Миска у меня была только одна, так что моему спутнику пришлось есть прямо из котелка. Уплетал он за обе щеки, особо не пережевывая, с какой-то звериной жадностью. Съел раза в два больше меня, словно похлебка была последней его трапезой в этой жизни. Я лишь печально улыбался, наблюдая эту его манеру. Он привык жить сегодняшним днем и от завтрашнего не ждал ничего хорошего.

Вечерело. Спать мы легли рано. Я, как всегда, усталости не чувствовал, но о чем-то говорить со Жданом время еще не пришло. А он так наелся, что даже встать не мог. Впрочем, выспаться у него тоже не получилось. Желудок не принял столько еды после долгой голодовки. Утром мне пришлось отпаивать парнишку настоем из трав. Впрочем, к середине дня он вновь чувствовал себя нормально, и ужин, состоявший из рыбы, запеченной в золе с кореньями, ел уже без прежней жадности, памятуя прошедшую ночь.

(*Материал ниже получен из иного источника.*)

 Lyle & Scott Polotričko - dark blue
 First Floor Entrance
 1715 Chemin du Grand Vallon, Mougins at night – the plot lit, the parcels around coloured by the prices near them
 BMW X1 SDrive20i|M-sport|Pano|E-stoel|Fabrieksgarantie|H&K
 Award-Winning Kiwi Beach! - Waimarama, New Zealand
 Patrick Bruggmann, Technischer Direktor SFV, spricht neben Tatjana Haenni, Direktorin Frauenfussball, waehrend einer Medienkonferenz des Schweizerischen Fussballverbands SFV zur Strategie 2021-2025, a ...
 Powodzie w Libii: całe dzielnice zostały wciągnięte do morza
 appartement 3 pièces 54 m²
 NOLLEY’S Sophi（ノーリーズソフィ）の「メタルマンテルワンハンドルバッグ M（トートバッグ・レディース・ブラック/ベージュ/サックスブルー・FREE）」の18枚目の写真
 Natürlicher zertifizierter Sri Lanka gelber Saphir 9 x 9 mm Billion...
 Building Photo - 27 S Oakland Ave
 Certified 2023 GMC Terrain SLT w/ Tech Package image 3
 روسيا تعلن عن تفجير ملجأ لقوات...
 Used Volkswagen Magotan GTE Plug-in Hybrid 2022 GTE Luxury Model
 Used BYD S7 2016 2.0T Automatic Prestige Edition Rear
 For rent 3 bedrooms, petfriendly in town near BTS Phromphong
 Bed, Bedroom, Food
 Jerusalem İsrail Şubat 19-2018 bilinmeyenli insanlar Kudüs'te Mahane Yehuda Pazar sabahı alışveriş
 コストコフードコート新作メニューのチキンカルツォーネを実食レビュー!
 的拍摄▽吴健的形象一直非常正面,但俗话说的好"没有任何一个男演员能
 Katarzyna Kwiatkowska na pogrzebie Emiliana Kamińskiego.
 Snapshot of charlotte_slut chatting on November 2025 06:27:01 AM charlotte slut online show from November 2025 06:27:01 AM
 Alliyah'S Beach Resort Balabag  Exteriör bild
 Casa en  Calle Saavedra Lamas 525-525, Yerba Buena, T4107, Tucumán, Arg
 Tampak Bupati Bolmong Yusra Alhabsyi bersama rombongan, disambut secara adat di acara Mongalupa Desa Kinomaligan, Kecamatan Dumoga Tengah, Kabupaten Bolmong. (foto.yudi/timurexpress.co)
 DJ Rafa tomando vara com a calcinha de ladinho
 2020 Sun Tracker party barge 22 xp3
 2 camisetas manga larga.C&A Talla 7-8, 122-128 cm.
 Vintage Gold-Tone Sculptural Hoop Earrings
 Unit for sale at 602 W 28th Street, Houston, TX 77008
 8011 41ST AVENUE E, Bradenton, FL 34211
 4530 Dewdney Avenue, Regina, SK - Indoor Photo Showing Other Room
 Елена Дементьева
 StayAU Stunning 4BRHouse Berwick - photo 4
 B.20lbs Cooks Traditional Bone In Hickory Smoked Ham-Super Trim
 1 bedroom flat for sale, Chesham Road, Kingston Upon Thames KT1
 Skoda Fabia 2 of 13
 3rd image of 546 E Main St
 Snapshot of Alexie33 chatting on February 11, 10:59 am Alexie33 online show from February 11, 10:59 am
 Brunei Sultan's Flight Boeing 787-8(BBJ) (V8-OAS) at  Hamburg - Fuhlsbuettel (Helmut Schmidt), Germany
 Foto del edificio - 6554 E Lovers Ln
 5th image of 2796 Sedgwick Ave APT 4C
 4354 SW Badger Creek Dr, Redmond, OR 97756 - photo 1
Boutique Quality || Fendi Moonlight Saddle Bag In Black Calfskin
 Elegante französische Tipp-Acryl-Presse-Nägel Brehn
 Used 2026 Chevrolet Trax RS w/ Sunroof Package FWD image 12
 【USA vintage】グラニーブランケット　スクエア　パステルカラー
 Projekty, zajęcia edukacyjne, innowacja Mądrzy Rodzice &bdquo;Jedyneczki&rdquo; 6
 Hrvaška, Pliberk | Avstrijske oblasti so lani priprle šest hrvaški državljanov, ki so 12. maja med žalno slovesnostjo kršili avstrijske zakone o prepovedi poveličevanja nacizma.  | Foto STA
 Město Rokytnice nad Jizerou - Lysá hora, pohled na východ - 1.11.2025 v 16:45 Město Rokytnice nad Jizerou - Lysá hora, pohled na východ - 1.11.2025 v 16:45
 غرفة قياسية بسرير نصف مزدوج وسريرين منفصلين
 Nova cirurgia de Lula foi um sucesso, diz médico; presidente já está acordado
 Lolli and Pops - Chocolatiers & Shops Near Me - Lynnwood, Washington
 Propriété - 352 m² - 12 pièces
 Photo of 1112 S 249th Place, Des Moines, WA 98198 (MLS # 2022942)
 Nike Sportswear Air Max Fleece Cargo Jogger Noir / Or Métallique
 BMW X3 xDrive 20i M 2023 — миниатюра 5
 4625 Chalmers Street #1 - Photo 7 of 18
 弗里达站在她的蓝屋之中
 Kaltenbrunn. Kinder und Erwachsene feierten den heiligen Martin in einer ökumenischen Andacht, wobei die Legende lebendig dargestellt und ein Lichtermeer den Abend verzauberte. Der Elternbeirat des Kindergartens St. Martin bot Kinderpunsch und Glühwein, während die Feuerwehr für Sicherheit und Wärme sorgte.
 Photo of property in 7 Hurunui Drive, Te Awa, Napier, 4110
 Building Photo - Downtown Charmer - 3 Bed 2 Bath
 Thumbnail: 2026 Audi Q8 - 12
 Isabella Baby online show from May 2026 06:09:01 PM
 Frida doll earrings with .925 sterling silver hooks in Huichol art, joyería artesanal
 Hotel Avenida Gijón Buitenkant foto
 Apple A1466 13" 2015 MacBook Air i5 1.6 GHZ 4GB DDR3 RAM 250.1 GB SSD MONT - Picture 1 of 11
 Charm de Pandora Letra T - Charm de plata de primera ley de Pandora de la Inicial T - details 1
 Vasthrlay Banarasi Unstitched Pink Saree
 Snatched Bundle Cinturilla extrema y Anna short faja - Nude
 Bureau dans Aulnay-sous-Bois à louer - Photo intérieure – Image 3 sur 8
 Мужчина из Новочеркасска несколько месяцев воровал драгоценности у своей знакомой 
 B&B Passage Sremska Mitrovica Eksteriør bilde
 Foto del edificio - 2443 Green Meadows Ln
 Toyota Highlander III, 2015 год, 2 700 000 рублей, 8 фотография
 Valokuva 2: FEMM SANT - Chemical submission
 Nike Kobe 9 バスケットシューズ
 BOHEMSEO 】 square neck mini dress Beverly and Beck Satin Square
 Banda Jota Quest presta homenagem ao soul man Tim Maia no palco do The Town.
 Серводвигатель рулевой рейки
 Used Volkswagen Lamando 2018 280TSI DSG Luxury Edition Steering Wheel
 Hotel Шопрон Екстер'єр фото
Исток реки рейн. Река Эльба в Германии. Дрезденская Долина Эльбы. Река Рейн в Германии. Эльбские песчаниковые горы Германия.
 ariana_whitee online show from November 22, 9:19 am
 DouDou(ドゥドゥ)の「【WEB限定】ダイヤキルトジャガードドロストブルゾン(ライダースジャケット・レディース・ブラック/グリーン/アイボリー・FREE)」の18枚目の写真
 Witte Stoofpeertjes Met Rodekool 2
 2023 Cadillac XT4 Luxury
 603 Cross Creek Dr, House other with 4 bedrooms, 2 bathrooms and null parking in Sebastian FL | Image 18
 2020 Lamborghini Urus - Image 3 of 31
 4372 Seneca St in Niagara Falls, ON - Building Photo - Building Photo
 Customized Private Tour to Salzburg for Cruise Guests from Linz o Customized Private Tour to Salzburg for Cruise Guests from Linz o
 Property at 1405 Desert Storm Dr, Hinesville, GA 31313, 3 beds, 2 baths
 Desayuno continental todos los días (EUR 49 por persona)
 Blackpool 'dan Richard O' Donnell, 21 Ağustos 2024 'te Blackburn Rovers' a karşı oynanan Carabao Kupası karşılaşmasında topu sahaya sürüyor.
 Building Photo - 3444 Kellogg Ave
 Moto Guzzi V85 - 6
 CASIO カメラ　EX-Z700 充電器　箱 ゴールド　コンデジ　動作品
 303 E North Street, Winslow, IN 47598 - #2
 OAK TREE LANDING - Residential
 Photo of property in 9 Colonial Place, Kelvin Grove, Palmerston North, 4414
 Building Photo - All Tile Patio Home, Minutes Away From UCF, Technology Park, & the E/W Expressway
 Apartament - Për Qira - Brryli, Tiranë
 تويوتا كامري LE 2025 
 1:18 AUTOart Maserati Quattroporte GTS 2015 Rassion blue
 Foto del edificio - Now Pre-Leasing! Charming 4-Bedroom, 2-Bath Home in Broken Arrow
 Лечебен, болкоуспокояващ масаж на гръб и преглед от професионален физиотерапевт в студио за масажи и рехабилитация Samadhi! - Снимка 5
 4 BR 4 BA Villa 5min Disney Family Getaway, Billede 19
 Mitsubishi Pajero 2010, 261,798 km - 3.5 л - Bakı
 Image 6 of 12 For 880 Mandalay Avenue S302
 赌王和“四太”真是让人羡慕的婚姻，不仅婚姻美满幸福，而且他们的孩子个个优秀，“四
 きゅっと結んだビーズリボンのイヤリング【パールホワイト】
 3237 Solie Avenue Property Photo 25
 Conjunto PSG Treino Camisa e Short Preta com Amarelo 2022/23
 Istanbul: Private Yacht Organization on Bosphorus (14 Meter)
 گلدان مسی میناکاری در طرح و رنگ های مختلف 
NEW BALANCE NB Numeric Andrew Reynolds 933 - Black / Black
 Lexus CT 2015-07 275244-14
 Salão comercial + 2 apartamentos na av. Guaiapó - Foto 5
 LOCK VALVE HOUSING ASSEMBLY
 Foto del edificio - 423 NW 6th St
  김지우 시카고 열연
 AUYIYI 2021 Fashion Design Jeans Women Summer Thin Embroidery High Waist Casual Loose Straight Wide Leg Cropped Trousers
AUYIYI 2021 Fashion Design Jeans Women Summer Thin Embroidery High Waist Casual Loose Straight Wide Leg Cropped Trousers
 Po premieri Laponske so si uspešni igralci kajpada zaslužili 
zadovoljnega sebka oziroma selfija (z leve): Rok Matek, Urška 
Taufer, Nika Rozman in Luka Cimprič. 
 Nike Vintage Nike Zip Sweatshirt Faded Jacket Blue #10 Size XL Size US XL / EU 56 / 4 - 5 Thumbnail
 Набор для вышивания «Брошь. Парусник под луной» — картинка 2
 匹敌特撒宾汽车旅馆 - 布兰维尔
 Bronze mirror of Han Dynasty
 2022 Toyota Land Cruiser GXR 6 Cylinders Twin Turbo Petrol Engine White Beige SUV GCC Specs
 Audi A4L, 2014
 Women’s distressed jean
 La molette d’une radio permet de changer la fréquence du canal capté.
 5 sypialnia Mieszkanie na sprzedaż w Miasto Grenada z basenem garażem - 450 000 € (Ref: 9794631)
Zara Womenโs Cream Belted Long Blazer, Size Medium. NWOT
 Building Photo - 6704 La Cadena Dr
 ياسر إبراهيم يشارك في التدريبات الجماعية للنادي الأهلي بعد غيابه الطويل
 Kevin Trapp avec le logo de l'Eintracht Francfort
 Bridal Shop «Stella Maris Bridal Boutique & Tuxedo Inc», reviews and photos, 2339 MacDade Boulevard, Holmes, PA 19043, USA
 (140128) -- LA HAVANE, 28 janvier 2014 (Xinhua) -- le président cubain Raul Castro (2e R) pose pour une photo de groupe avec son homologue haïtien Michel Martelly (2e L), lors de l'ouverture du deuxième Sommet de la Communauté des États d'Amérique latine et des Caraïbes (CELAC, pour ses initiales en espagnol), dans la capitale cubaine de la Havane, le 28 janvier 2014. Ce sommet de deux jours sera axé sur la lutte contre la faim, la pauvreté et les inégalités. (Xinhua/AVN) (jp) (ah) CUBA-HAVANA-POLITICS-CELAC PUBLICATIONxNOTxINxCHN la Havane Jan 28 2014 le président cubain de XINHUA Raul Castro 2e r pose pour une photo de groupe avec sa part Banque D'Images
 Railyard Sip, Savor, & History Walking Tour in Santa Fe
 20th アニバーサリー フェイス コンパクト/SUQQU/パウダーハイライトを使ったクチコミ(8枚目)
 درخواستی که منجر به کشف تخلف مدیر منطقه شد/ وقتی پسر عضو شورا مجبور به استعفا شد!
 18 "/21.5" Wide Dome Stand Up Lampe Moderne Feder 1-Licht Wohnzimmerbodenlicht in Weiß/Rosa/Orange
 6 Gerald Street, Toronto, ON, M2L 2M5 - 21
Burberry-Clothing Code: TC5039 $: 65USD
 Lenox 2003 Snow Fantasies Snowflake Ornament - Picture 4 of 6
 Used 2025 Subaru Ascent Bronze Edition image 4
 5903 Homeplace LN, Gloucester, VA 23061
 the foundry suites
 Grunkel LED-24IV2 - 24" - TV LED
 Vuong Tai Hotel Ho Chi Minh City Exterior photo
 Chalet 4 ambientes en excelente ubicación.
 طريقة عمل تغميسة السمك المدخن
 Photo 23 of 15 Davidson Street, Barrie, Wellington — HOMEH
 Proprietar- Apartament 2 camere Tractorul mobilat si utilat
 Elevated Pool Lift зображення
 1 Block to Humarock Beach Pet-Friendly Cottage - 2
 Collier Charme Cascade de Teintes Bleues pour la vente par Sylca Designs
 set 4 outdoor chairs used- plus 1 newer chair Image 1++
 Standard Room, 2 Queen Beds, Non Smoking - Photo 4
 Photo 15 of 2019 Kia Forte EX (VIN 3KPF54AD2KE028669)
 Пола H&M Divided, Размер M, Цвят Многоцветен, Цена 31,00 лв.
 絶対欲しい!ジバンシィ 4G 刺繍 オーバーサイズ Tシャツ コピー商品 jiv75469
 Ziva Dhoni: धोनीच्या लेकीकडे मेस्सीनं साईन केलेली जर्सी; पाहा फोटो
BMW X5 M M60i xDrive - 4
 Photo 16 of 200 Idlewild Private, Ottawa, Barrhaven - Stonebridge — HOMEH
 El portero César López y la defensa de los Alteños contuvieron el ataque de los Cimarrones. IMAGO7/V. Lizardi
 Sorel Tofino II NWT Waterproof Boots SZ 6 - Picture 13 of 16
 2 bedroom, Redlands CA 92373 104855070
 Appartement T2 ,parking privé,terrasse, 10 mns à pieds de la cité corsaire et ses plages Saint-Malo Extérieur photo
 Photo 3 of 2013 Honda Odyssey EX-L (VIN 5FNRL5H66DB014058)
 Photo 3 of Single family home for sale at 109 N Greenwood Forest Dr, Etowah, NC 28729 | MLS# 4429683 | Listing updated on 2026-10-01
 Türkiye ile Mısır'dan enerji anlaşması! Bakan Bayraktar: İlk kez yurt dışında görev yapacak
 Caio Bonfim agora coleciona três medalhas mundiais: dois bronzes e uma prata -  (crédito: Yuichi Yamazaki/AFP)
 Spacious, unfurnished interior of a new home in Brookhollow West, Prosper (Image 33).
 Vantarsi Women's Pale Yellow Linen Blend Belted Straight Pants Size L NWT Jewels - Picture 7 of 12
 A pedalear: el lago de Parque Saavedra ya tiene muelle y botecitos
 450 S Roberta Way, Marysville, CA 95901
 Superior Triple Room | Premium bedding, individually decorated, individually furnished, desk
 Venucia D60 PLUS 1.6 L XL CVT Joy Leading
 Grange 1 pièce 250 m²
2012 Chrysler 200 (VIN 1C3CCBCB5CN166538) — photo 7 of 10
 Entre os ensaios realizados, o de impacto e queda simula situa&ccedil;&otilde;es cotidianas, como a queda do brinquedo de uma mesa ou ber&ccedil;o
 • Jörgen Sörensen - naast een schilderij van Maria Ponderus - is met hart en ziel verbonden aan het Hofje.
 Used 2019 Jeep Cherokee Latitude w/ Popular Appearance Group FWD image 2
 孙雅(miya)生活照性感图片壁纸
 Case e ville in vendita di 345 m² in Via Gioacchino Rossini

Теперь он стал молчалив, прежняя обреченность ушла, уступив место замкнутости. Он не понимал причины моих поступков, но видел перемены к лучшему в своей жизни. Уже на третий день сумел собрать достаточно хвороста и сам развел огонь. На четвертый пошел вместе со мной собирать зелень для похлебки и грибы, цепко примечая, что я брал, а что отвергал как несъедобное.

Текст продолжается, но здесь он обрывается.